In algebra, the difference of squares is a powerful tool for simplifying and solving equations. It applies when you have two squared terms separated by a subtraction sign. The formula is:

• \( a^2 - b^2 = (a + b)(a - b) \)

This formula allows you to break down the equation into simpler multiplicative factors.

Consider the equation \( x^6 - 64 = 0 \). This can be viewed as a difference of squares, where \( a = x^3 \) and \( b = 8 \). Thus, it can be expressed as:

• \( (x^3)^2 - 8^2 \)

Recognizing this form helps us apply the formula and rewrite it as:

• \( (x^3 - 8)(x^3 + 8) = 0 \)

By factoring this way, we simplify the task of finding the roots of the equation as solving two simpler equations instead of one complex polynomial.

Finding the roots of a polynomial is equivalent to finding where the polynomial equals zero.
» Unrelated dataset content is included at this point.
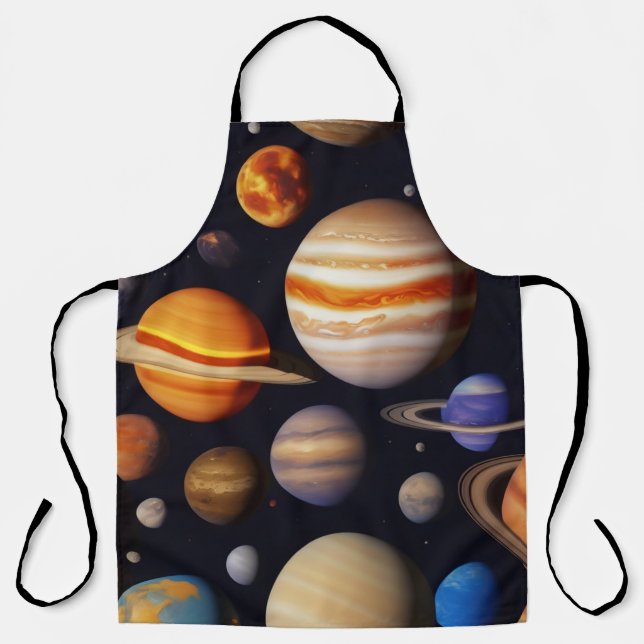 Planets Pattern Apron (Front)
For our equation, once we employ the difference of squares, we find:

• First Factor: \( x^3 - 8 = 0 \)
• Second Factor: \( x^3 + 8 = 0 \)

To find the roots, or solutions, set each factor to zero and solve individually. Solving \( x^3 - 8 = 0 \) involves finding the cube root of 8:

• \( x = \sqrt[3]{8} = 2 \)

Similarly, for \( x^3 + 8 = 0 \), taking the cube root of \(-8\) yields:

• \( x = \sqrt[3]{-8} = -2 \)

By solving these simpler cubic equations, we determine that the polynomial has real roots of 2 and -2. These are the solutions to the original polynomial equation.
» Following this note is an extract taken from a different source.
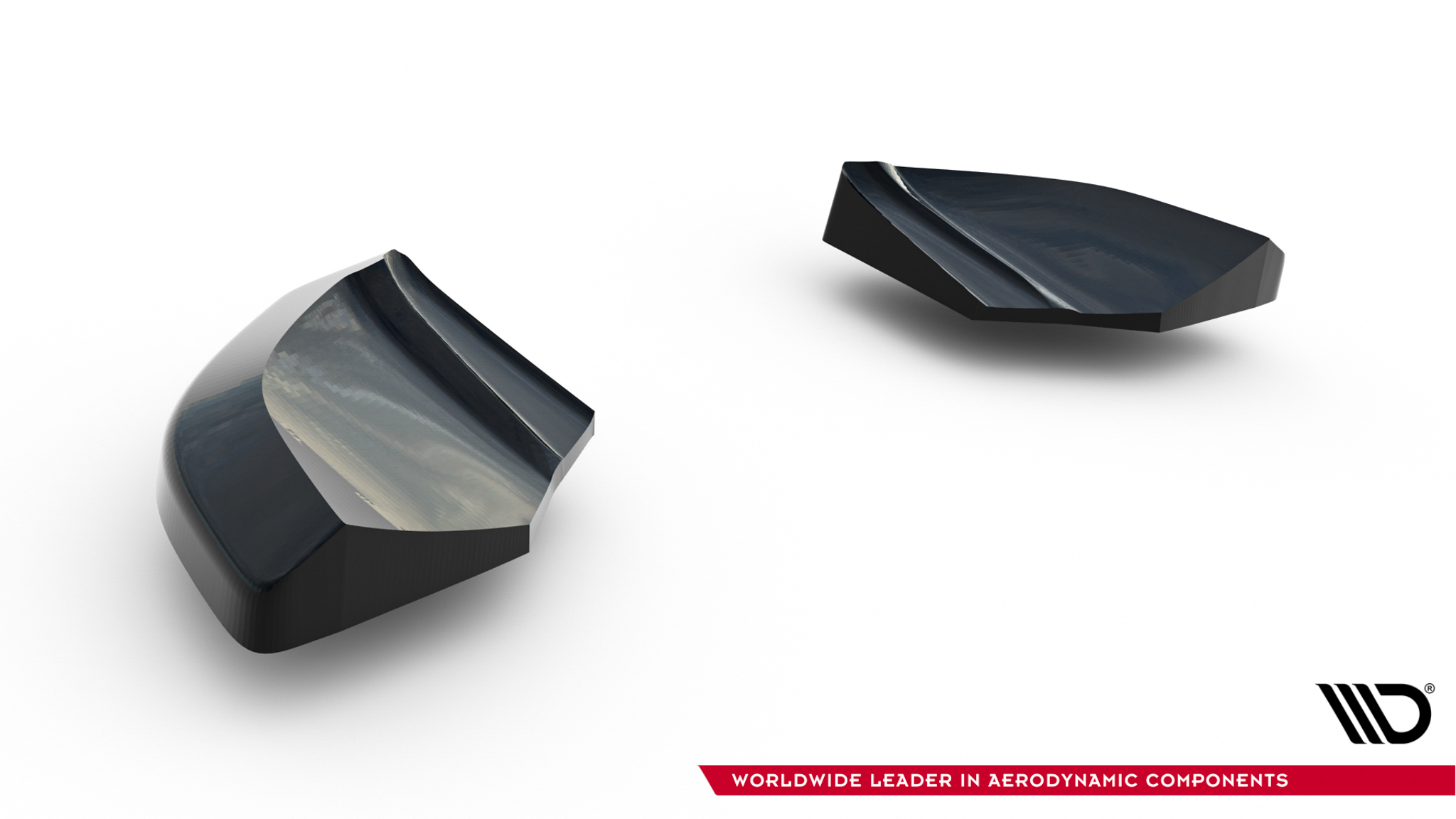 Diffusor Flaps V.2 passend für ABARTH 500 Mk1 schwarz Hochglanz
Cubic equations are polynomial equations of degree three, with the general form \( ax^3 + bx^2 + cx + d = 0 \). In our exercise, both factors \( x^3 - 8 \) and \( x^3 + 8 \) are cubic equations:

• \( x^3 = 8 \) reduces to \( x = \sqrt[3]{8} \)
• \( x^3 = -8 \) reduces to \( x = \sqrt[3]{-8} \)

The solutions to these equations come from applying basic algebraic operations like taking the cube root. Cubic equations can often yield real and/or complex roots, but in this case, we have two real solutions: 2 and -2.

These solutions indicate where the original polynomial crosses the x-axis, a clear visual representation of its roots. Understanding the nature of cubic equations allows us to solve higher-degree polynomials by reducing them to simpler, solvable components.